Tornato innanzi al consigliere Alborghetti posi fine alla mia narrazione, protestai di non voler essere consegnato alle autorità papali, nel qual caso domandavo di essere fucilato in Austria. Chiestami la ragione di ciò, dissi che il governo papale avrebbe usato ogni maniera di bassezze e di crudeltà per vendicarsi di ciò che avevo operato contro di lui.
Nel mio racconto tacqui dei tentativi rivoluzionarî di Sarzana, ecc.; mi limitai al necessario, cui eglino stessi avrebbero potuto verificare. Del rimanente, non si usarono mai minacce o dimande suggestive. Dettai ad alta voce, e lo dichiarai nell'apporre la mia firma alla fine de' costituti.
Da tutto l'insieme mi persuasi che nulla e poi nulla sapevasi intorno alla missione disimpegnata in Lombardia. Pochi giorni dopo mi presero febbri e reumatismi: chiesi del medico; fu promesso: non venne mai; finii per non prendere cibo di sorta; contrassi un continuo tremito, e poteva a mala pena reggermi in piedi. Vedendo che la cosa andava in lungo pensava già di finire ivi i miei giorni.

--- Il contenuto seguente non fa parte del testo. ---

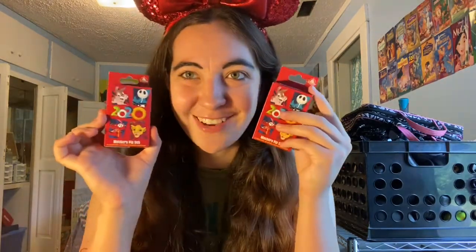Before I actually launch into it, I'm going to tell you which ones I'm wanting. I would love Briar Rabbit, obviously. I would love Mushu. I would love the Winnie the Pooh one and I would love the Jack Skellington one. So four out of eight — but let's find out.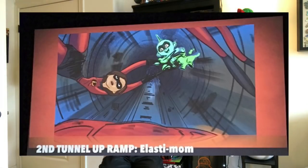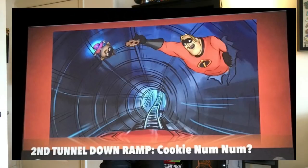Then you move on to the second tunnel going up, and this is Elastimom. She's basically going to be stretching through the entire tube and trying to catch baby Jack-Jack. What's interesting to note is Jack-Jack — the way they colored him — it looks like he may be a projection, and maybe he'll be moving around the tube while she's trying to catch him. I could be wrong though.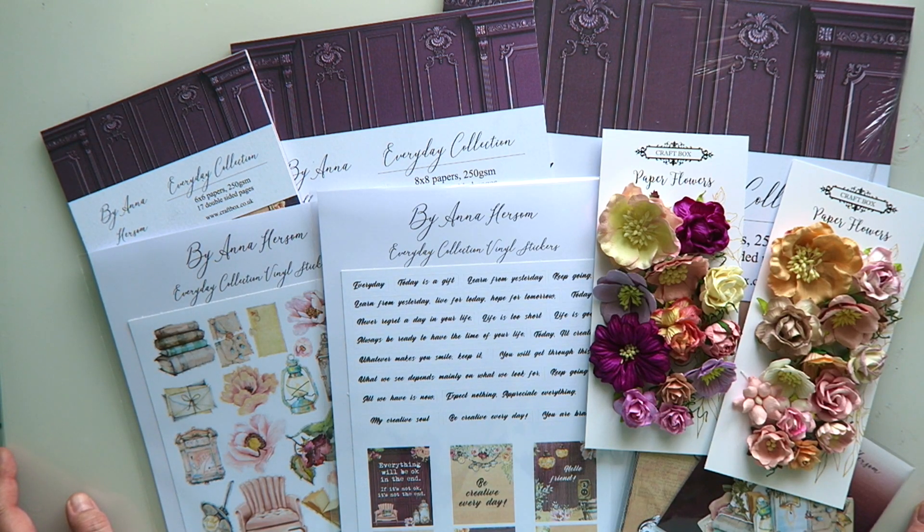Hi everyone, I have a moment here — a quiet, peaceful moment outside when no one's doing any home improvements — and I thought I'm going to take this opportunity to show you my brand new collection, which is called the Everyday Collection.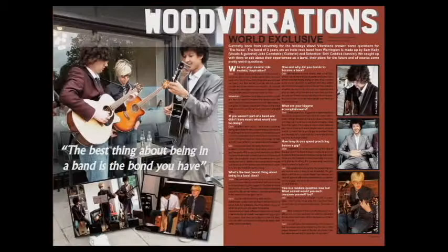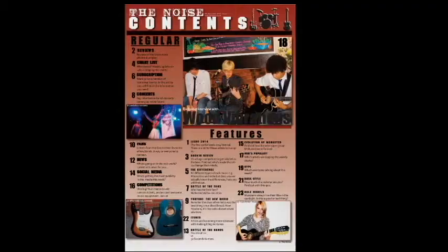With my double page spread and contents page, I learnt how to structure the page properly. Because of my college magazine, the articles and headers were anywhere and had no structure. By improving this for my music magazine, it makes it look much neater and professional.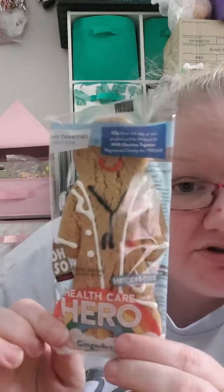I went to B&M, Aldi and Poundland today. As I'm unpacking I thought I'd show you what I got. I've already put away some chilled stuff. I did get four of these healthcare hero gingerbread figures - doctors and nurses - they were a pound each, and I got four to give to some people we know who are key workers.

Un bel mattino, ai 20 incirca di marzo, l'ispettore in capo delle carceri si recò nella segreta e fecemi levare dicendo: "Siete lasciato in libertà; presto, su via». Mi alzai, e lo seguii; discendendo le scale dissi:
Questo è impossibile; dovrei veder prima il consigliere Alborghetti
. Ei non rispose: giunti presso il suo ufficio, eranvi due commissari di polizia, alla cui presenza venne ripetuta la cerimonia di denudarmi. Si esaminarono le cuciture perfino degli abiti e delle calze; poscia mi si ricondusse in segreta: ivi due commissari di polizia avevano fatto una rigorosissima perquisizione nel mio paglione.